Nevertheless, some of the fundamental variables are found to exhibit no statistically significant relationships with cross sectional stock returns in Malaysia. Among these variables include: price to sales ratio (PS), rate of growth in revenue (RG), payout ratio, rate of growth in earnings per shares (EPSG), and Price Earnings to Growth ratio (PEG). As such, from this study, it is suggested that it can be concluded that there are no evidences supporting the notion that these fundamental variables can be used to explain cross sectional stock returns in Malaysia.

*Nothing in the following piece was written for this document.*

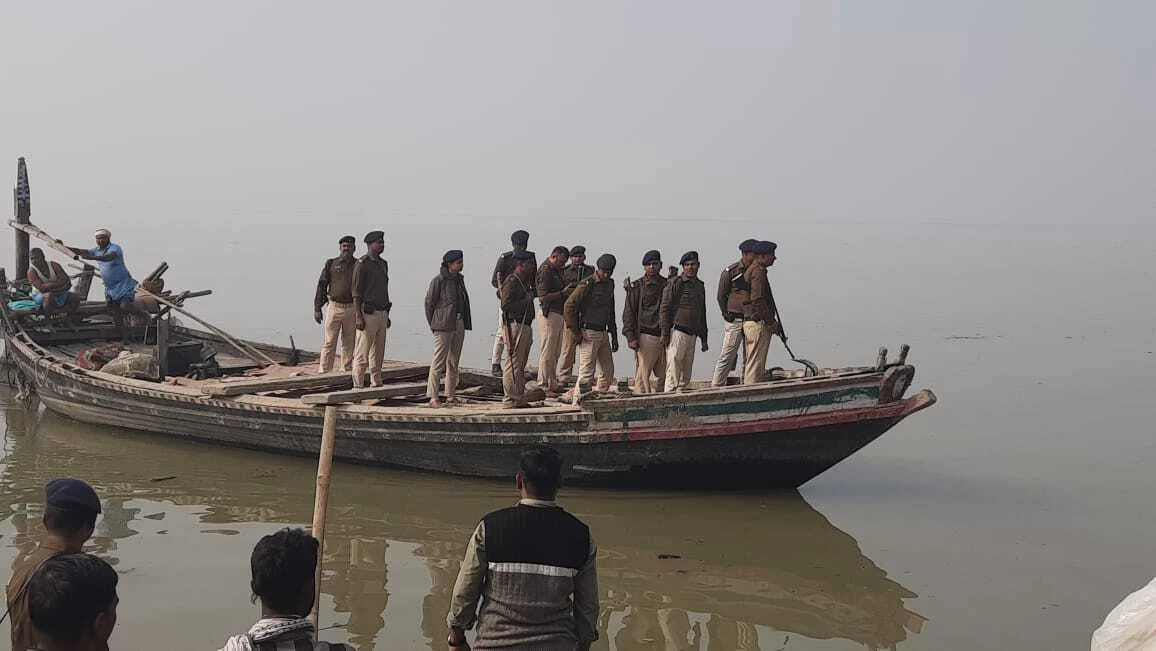 बेगूसराय में पुलिस-अपराधी मुठभेड़ ! STF और स्थानीय पुलिस ने कुख्यात समेत 4 बदमाशों को दबोचा, गोली लगने से एक अपराधी घायल 2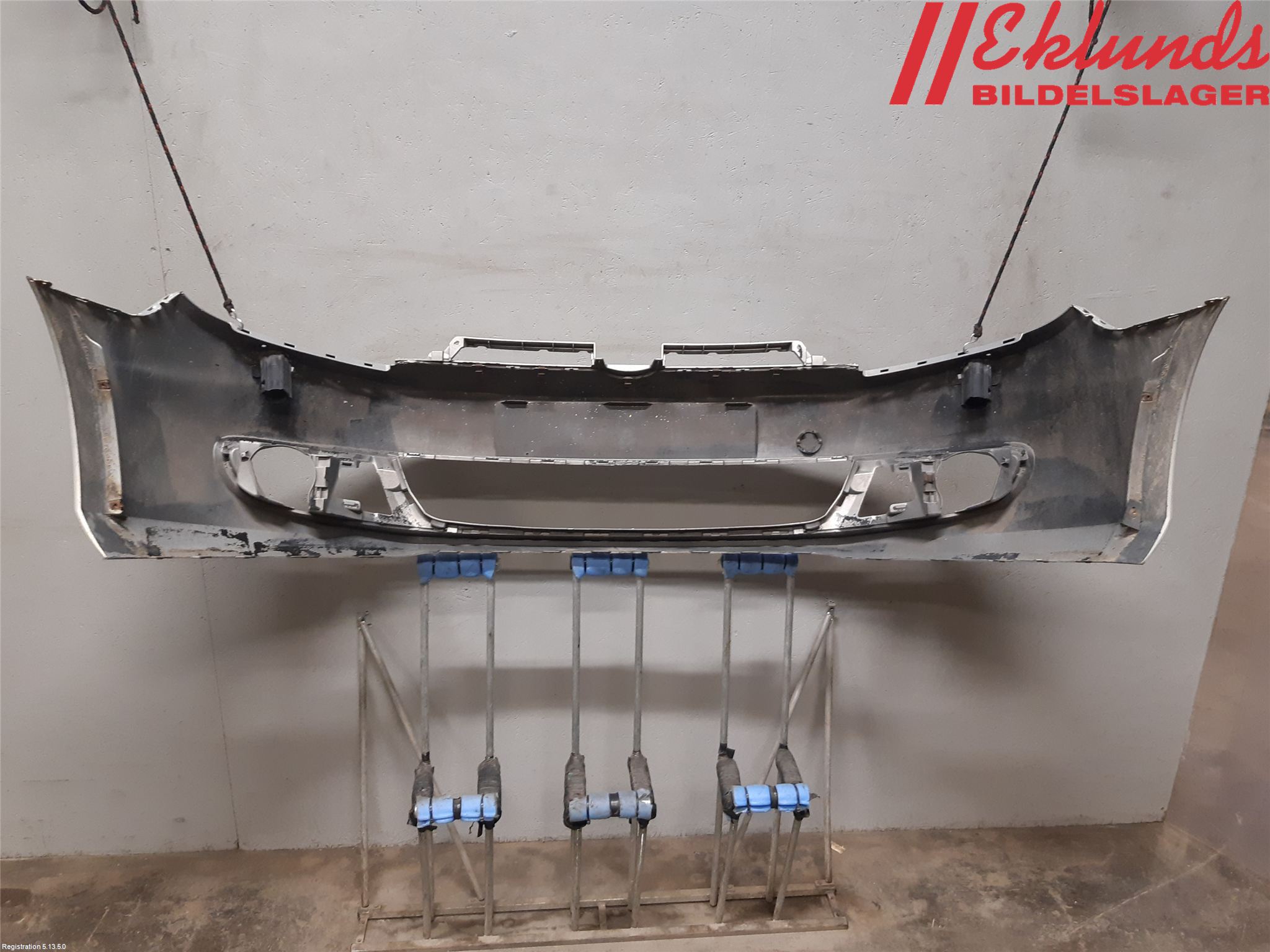 Volkswagen VW GOLF VI 09-13 Stötfångarbeklädnad Fram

Overall, the study conclude that the fundamental variables is useful in explaining cross sectionals tock returns even in emerging country such as in Malaysia. For example, firms with high ROE tend to outperform those firms with lower ROE. Although evidences on such outperformance are not available in the other financial years, there are some periods that such outperformance may materialize. Then, dividend yields are found to be the most useful fundamental variables that can explain stock returns in the period under investigation. For example, in a research period of 5 years, dividend yield is positively and statistically significantly correlated to cross sectional stock returns in 3 of the financial years. This suggests that in 60% of the time, dividend yields may be accurate variables to explain stock returns. Then, it is found that, among the many price multiples, namely, prices to earnings ratio, prices to sales ratios, and prices to net worth ratios are useful in explaining cross sectional stock returns in Malaysia. For example, there are empirical evidences supporting that price to earnings and prices to net worth ratios are statistically significantly correlated to cross sectional stock returns in certain financial years. Then, in most of the financial years, the prices to sales ratios are negatively related to cross sectionals tock returns. All of these weak evidences, when combined strongly suggest that in order to be successful in investing, the price is a crucial element to be aware of. Investors should never pay high prices for stocks, based on the fundamentals of the particular stock or company. The notion that – money is made in the buying, not in the selling – is supported. The price investors paid for the securities, will ultimately affect the returns of the investors.